「戻ろう。 ここは寒い」
「……」
「1時間目が終わるまで、どこか暖かいところで──」
「YUKI」
真っ直ぐに彼を見つめ、その口を右手で塞いだ。
突然のことにYUKIは驚いた顔をしたけれど、そのままの状態で私を見ている。
私の言葉を、待ってくれている。
「私は、雪村 秀一さんのことが好きです。
叶わないとわかっていても、ずっとずっと好きでした」
なんでこんなことを言ってるのか、自分でもよくわからなかった。
だけど、言わなきゃいけないことだと思ったんだ。
──『1歩引くんじゃなくて、1歩前に出ればいいと思う』
頭に浮かんでいたのは、健二さんの言葉。
あれは健二さんがYUKIに向けて言った言葉だったけれど、それでも今、私はその言葉を思い出していた。

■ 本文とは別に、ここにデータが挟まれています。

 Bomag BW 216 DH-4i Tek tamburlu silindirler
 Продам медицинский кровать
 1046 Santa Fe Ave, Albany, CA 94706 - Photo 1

「秀一さんはいつも1歩後ろから私たちを見て微笑んでいるし、私はそんな秀一さんを見てるのが好きだった。
でも、本当はもっと秀一さんに近づきたかった。 もっとそばで、笑っていたかった」
「……」
「だから私、1歩前に出るよ。 ううん、1歩じゃなくて、もっともっと近づくよ。
前に出て、後ろに下がってしまった秀一さんの手を引っ張っていこうと思う」
──『クリスマスん時、お前と一緒に笑ってたYUKIはスゲー楽しそうだった。
YUKIがあんな風に笑うなんて、俺が知る限りは一度もなかった。
多分アイツはお前のことが好きだと思う。 友達以上に想ってるはずだよ』
フジヤマの言葉を思い出しながら、左手をYUKIの手に重ねる。
「私はまた、楽しそうに笑ってるYUKIの顔を見たいんだ」
──『アイツはいつも、1歩引いたところから全体を見てる奴だろ?
自分の気持ちとか表情を隠して、周りに合わせて笑顔を作ってる』
──『でもね、あさひちゃんならアイツの全部を引き出してくれるんじゃないかって思うんだ。
だからこそ二人をくっつけたい。 俺は、雪村の笑った顔……自然と出た笑顔がすげー好きなんだ』
私も健二さんと同じ。ううん、健二さん以上に好き。
YUKIの自然と出た笑顔が、大好きなんだ。